This paper presents some SPP (Single Point Positioning) results obtained in kinematic mode in urban area using pseudorange observations from GPS (G) only, GPS and GLONASS (G/G) and combining GPS, GLONASS and BeiDou (G/G/B) satellites. The test has been realised in China where the BeiDou coverage is already completed. In addition, to simulate situations with difficult obstruction sites like in urban canyons and under tree covers (such as in forestry applications), the data have been reprocessed using a 30? elevation mask angle.

2. BeiDou Status and Comparison with GPS and GLONASS

BeiDou Navigation Satellite System (BDS) built by China independently has got the ability applying standard navigation and precise positioning services for the Asian-Pacific regions since November 27th, 2012 [1]. The word BeiDou means Big Dipper in Chinese language.
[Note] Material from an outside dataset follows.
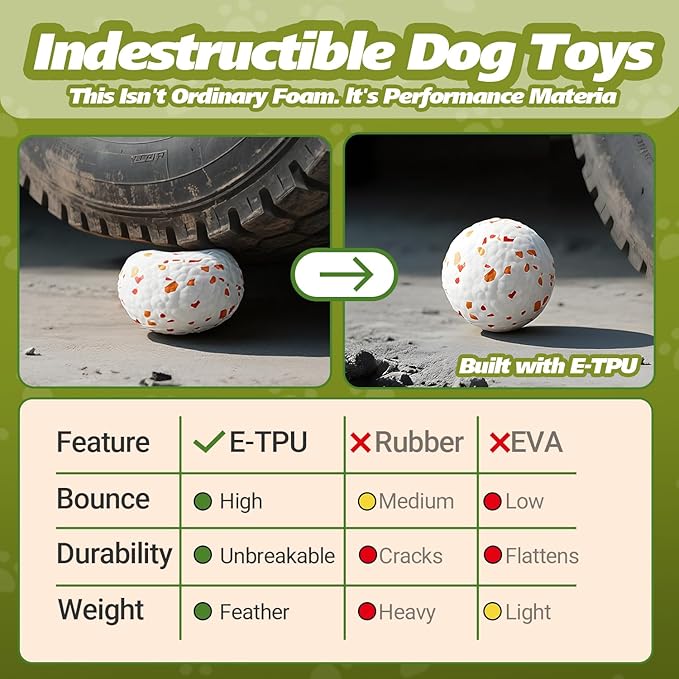 E-TPU Dog Balls 3 Pack - Interactive Tennis Balls Alternative for Aggressive Chewers, Indestructible Chew Toys for Puppy Teething, Keep Dogs Busy, Suit for Large Medium Small Breed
The actual BeiDou constellation consists of 14 satellites covering the Asia-Pacific region [1]. Five of them are geostationary (GEO) satellites (numbers 1 to 5 in Figure 1). Five satellites have an Inclined Geosynchronous Orbit (IGSO) giving the 8 shape trajectories in Figure 1 (numbers 6 to 10). Satellite numbers 11 to 14 (Figure 1) are Medium Earth Orbit (MEO) satellites like GPS and GLONASS satellites but with different orbital parameter values (see Table 1).
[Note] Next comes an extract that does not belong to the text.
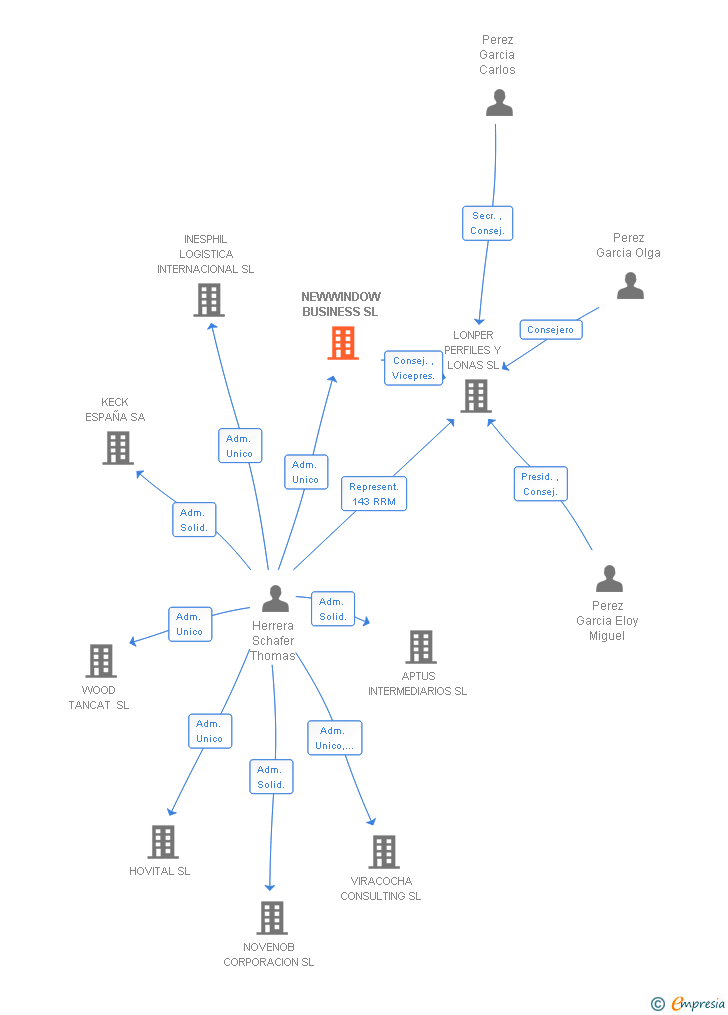 Vinculaciones societarias de NEWWINDOW BUSINESS SL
According to China government's plan, the full constellation of BDS will include 5 GEOs, 3 IGSOs and 27 MEOs by the end of 2020, which will provide global navigation service similar to GPS and GLONASS [1].
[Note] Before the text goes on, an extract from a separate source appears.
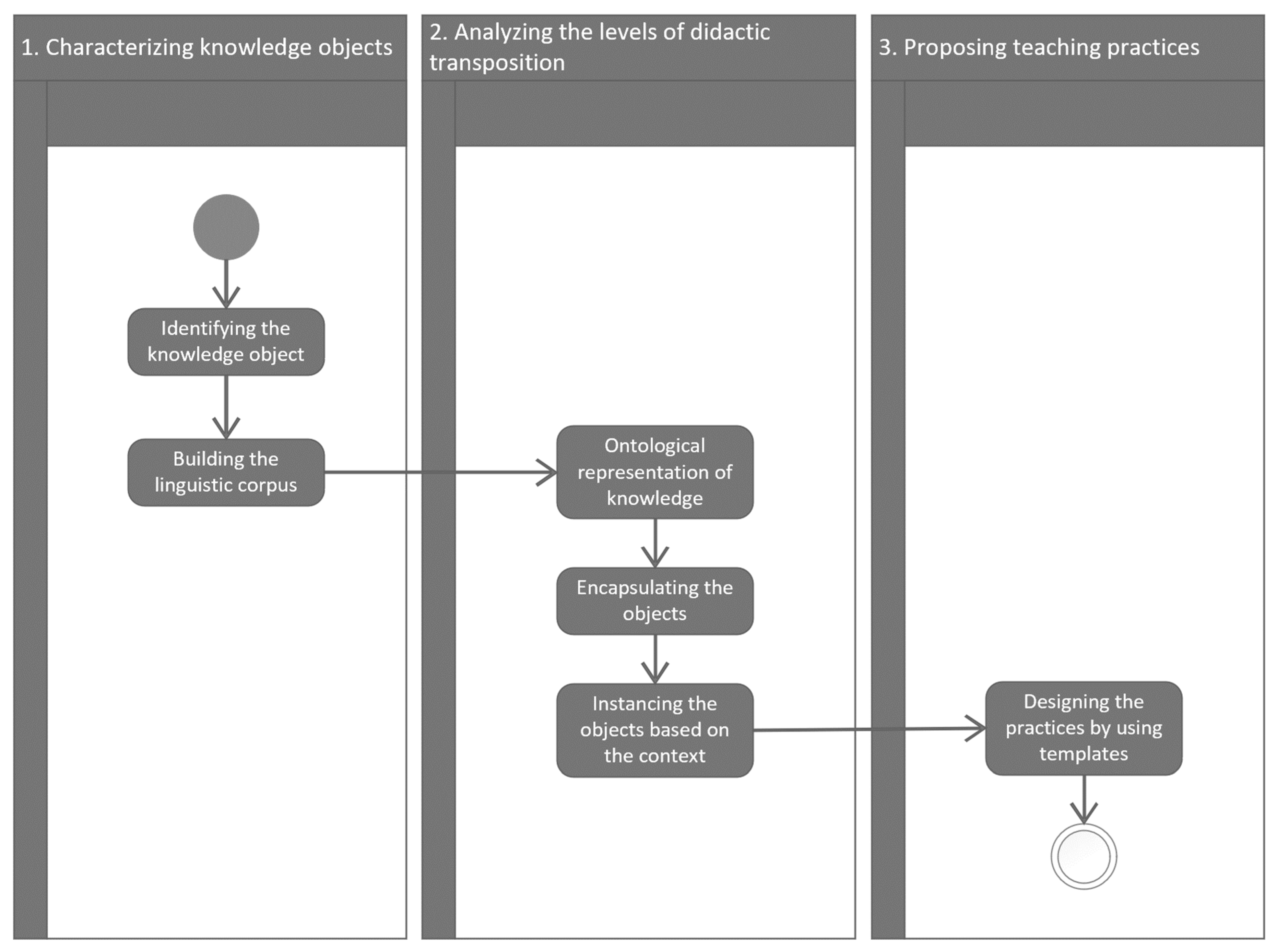 Preprints 77230 g012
Table 2 presents the launch history of the actually operational BeiDou satellites. The other orbital characteristics of these satellites are given in Table 1 along with the comparison of the GPS, GLONASS and BeiDou systems. Table 1 content has been collected in [2] and [3] and the respective ICD documents.

The most important differences are the time scales and the coordinate systems used by these GNSS systems, which deserves more discussion.

The broadcast ephemerides are expressed in 3 different coordinate systems but fortunately they all are close together to the ITRF (International Terrestrial Reference Frame) at a few centimetres [4]. The accuracy of the GPS broadcast ephemeris is better than 1 m [5]. It is shown that GLONASS broadcast ephemerides have achieved stable sub-meter orbital accuracy [6]. Finally, [7] has showed that the broadcast ephemeris orbit accuracy of BeiDou system is better for non-GEO satellites than GEO satellites. The accuracy of BeiDou satellites orbit errors in radial direction is less than 1.5 m and 1.0 m for GEO and non-GEO satellites, respectively.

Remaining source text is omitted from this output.